The law does not leave "relative" to common sense. It defines the list, and for an individual it covers spouse, brother and sister, the brother or sister of your spouse, the brother or sister of either parent, any lineal ascendant or descendant (parents, grandparents, children, grandchildren), and the lineal ascendants or descendants of your spouse — plus the spouses of all of those.
What this means in practice is that the everyday family transfers are simply outside the tax net. A parent gifting a child, a child gifting a parent, gifts between siblings, gifts between spouses — all exempt, however large.
Which direction the money flows changes who is taxed
The exemption is tested in the hands of the person receiving the gift, and it asks about that receiver's relationship to the giver.

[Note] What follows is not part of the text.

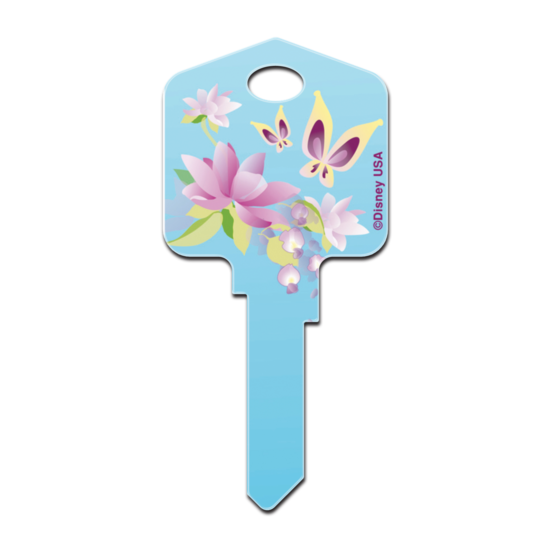 Princess Tiana House Key - Collectable Key - Disney - Princesses image {2}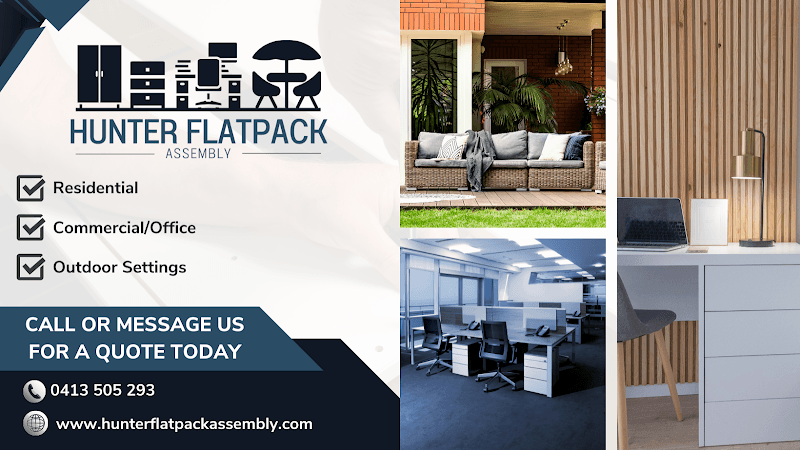Hunter Flatpack Assembly furniture assembly & tv mounting work in Bonnells Bay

So it is worth being clear about who is on each side before treating a transfer as tax-free.
| Who gives → who receives | Relative? | Income tax on the gift |
|---|---|---|
| Resident parent → NRI child | Yes | Exempt, any amount |
| NRI child → resident parent | Yes | Exempt, any amount |
| NRI → cousin / friend in India | No | Taxable if over ₹50,000 in the year |
| Resident uncle → NRI nephew | Yes | Exempt, any amount |
A cousin, notably, is not on the statutory "relative" list, even though most families treat one as close — so a sizeable gift to or from a cousin can be taxable. The receiver's residential status does not change the analysis: the gift rule looks at the relationship, not at whether one side lives abroad.
The clubbing trap on a gift to a spouse or a minor child
There is a second rule that sits behind the gift exemption and catches people who assume "exempt" ends the matter. A gift to your spouse or to your minor child is exempt — but if that gifted money is then invested and earns income, the income can be clubbed back into the giver's hands and taxed as theirs (Section 64).
For example, an NRI gifts a large sum to his wife in India and she places it in a fixed deposit. The gift itself is not taxed. The interest the deposit earns, however, is added back to the husband's income rather than taxed as the wife's, because the asset was funded by his gift. The same logic applies to money or assets gifted to a minor child.
Clubbing does not apply to a gift to an adult child or to a parent — their income stays their own. So the planning point is simply to be aware of the direction: a gift to a spouse or minor is fine, but expect the income on it to follow you back, not them.
A worked example: the Menon family
Anjali Menon, an NRI in Singapore, wants to do three things in one year. She sends ₹20 lakh to her mother in Kochi to help with a house repair. She gifts ₹5 lakh to her younger brother who is starting a business. And she transfers ₹10 lakh to her husband's Indian account to park in a deposit.
The gift to her mother and the gift to her brother are both exempt — a mother and a brother are relatives under the definition, so neither attracts tax however large, and neither has to report it as income. The transfer to her husband is also an exempt gift; but the interest the ₹10 lakh deposit earns will be clubbed back into Anjali's income, not her husband's, for as long as that money stays his on paper.
None of the three is a problem. The only thing worth doing is keeping a simple paper trail — who gave, who received, the relationship, and the bank record of the transfer — so that if any of it is ever questioned, the exempt status is easy to show rather than argue.
What to keep on file, on both sides
An exempt gift does not need a stamped agreement, but a short record makes it effortless to defend if the tax department ever asks how a large credit landed in an account. A one-page gift letter or deed that names the giver and receiver, states the relationship, the amount and the date, and is signed by both is enough for a cash gift.
The receiver should keep that letter alongside the bank statement showing the credit. The giver should keep proof of where the funds came from — their own account, salary or savings abroad — so the source is never in doubt. Where the gift is large and crosses a border, the bank may apply its own remittance documentation under FEMA; that is a banking formality, separate from the income-tax position, which remains exempt for a gift between relatives.